JAYAPURA, KOMPAS — Program wajib belajar 12 tahun di Provinsi Papua belum berjalan optimal. Rata-rata lama sekolah di Papua baru mencapai tujuh tahun, yakni dari kelas I sekolah dasar hingga kelas VII sekolah menengah pertama.
Hal itu disampaikan Sekretaris Dinas Pendidikan dan Kebudayaan Provinsi Papua Protasius Lobya di Jayapura, Jumat (14/9/2018). Protasius mengatakan, kondisi itu dominan terjadi pada siswa di wilayah Pegunungan Tengah Papua.
Menurut laporan dari lapangan yang diterimanya, Protasius mengatakan, angka putus sekolah siswa SD hingga SMP paling banyak berada di 15 kabupaten di wilayah Pegunungan Tengah Papua, di antaranya Lanny Jaya, Tolikara, Yalimo, Jayawijaya, Puncak, dan Puncak Jaya.
Kondisi itu juga menyebabkan angka buta huruf di Papua masih tinggi. Data dari Dinas Pendidikan dan Kebudayaan Provinsi Papua, angka buta huruf di Papua mencapai 24 persen atau sekitar 600.000 warga yang belum dapat membaca dan menulis.
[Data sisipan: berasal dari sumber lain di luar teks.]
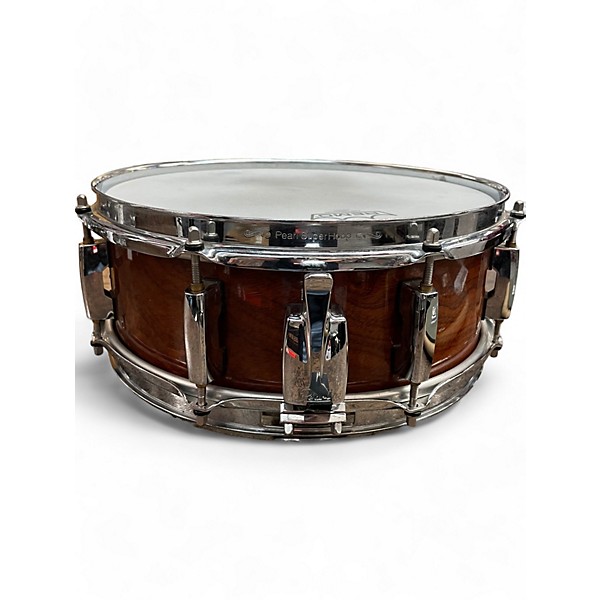 Used Used Pearl 5.5X13 Omar Hakim Snare Drum Mahogany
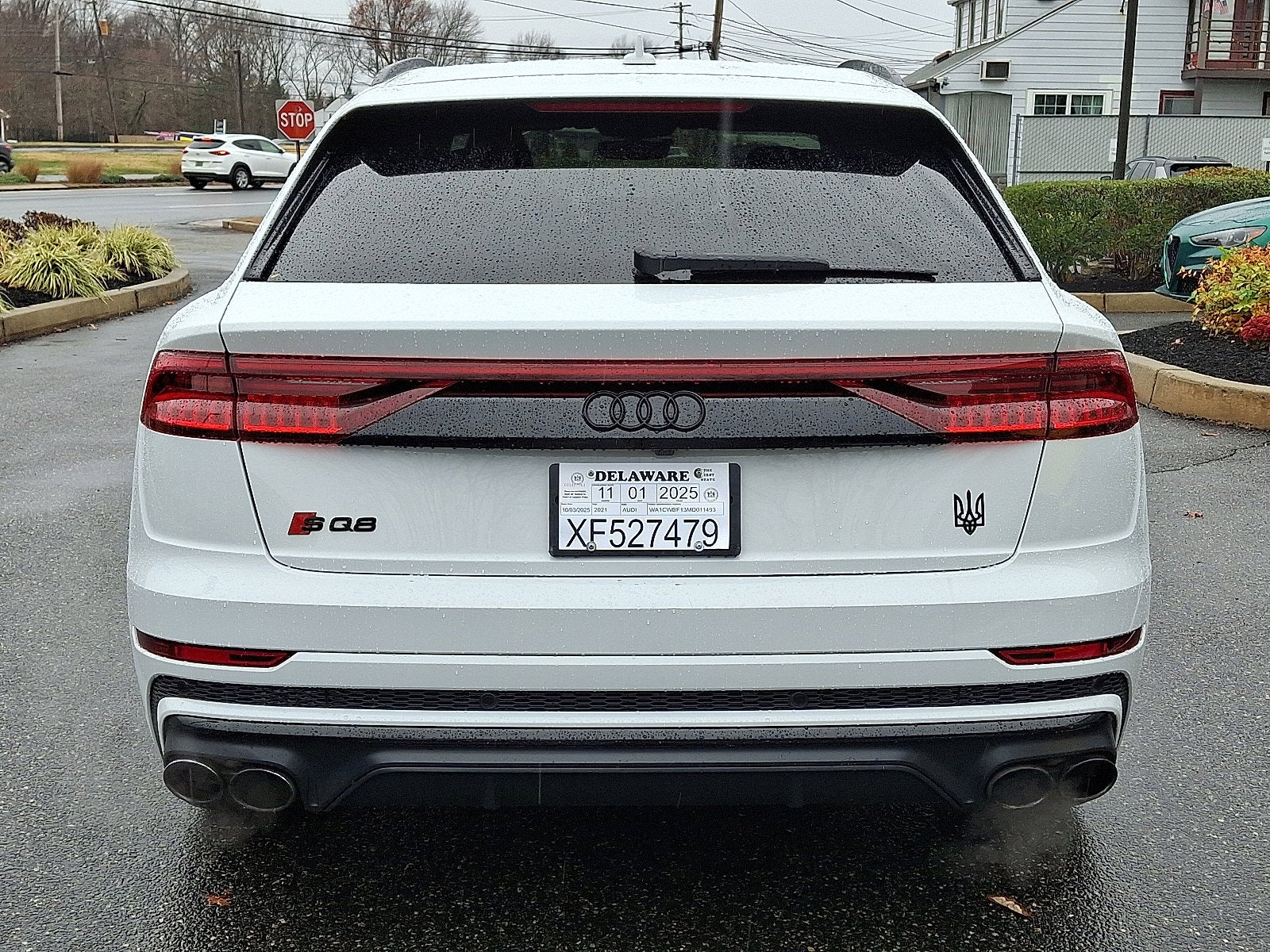 2021 Audi SQ8 4.0T Prestige quattro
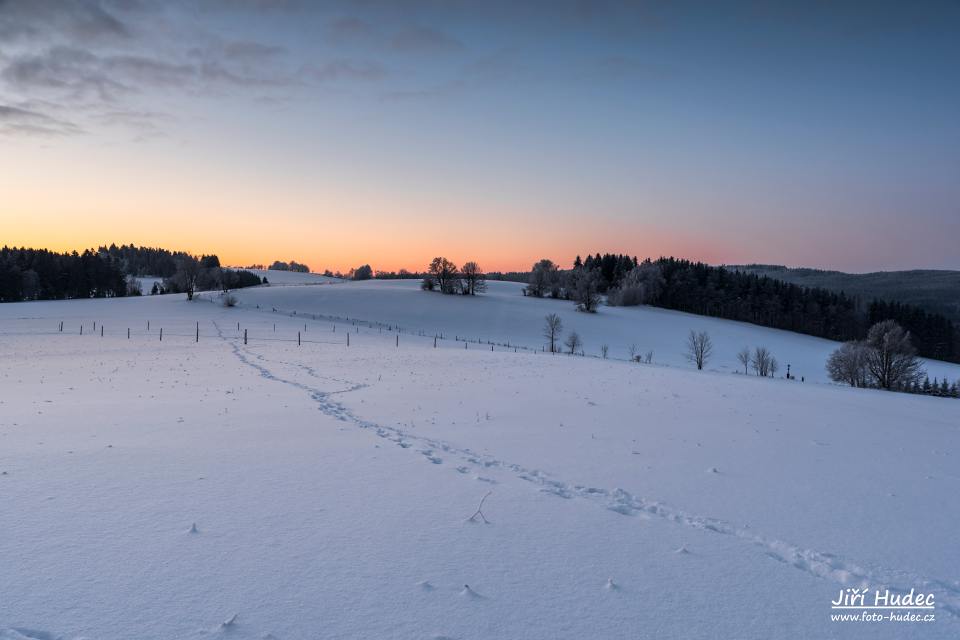 Mrazivé ráno nad Kuklíkem 3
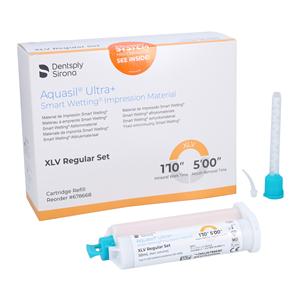 Aquasil Ultra+ Smart Wetting Impression Material Wsh Reg St 50 mL XLV Rfl 4/Pk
”Siswa yang putus sekolah di 15 kabupaten itu biasanya berdomisili di pedalaman yang minim akses transportasi,” ujar Protasius.
Ia menuturkan, minimnya akses dan sarana transportasi membuat anak-anak kesulitan menjangkau sekolah. Sementara rata-rata sekolah terletak di ibu kota distrik (setingkat kecamatan).
Protasius mengemukakan, jarak ideal sekolah dengan rumah siswa seharusnya maksimal 3 kilometer. ”Namun, di pedalaman, jarak kampung ke sekolah bisa mencapai puluhan kilometer. Para siswa berangkat dari rumah pagi hari dan tiba di sekolah siang hari,” ujarnya.
Ia berpendapat, satu-satunya solusi untuk meningkatkan partisipasi wajib belajar di sekolah adalah membangun program sekolah berasrama di pusat distrik. Hal itu dapat dilakukan pemerintah daerah.
”Selain bangunan asrama, pemda juga harus menyediakan tenaga pengajar dan biaya operasional. Seharusnya dana otonomi khusus untuk sektor pendidikan juga dialokasikan untuk sekolah berbasis asrama,” tutur Protasius.
Kepala Dinas Komunikasi dan Informatika Kabupaten Tolikara Derwes Jikwa mengatakan, pihaknya telah membangun empat sekolah asrama sejak tahun 2015 untuk menyiapkan sumber daya manusia yang berkualitas. Setiap sekolah menampung 100-200 siswa dari jenjang SD, SMP, hingga SMA.
”Ada empat distrik yang sudah memiliki sekolah berbasis asrama, yakni Kembu, Bokondini, Kanggime, dan Nabunage. Menurut rencana, kami akan membuka sekolah asrama di beberapa distrik lagi,” kata Derwes.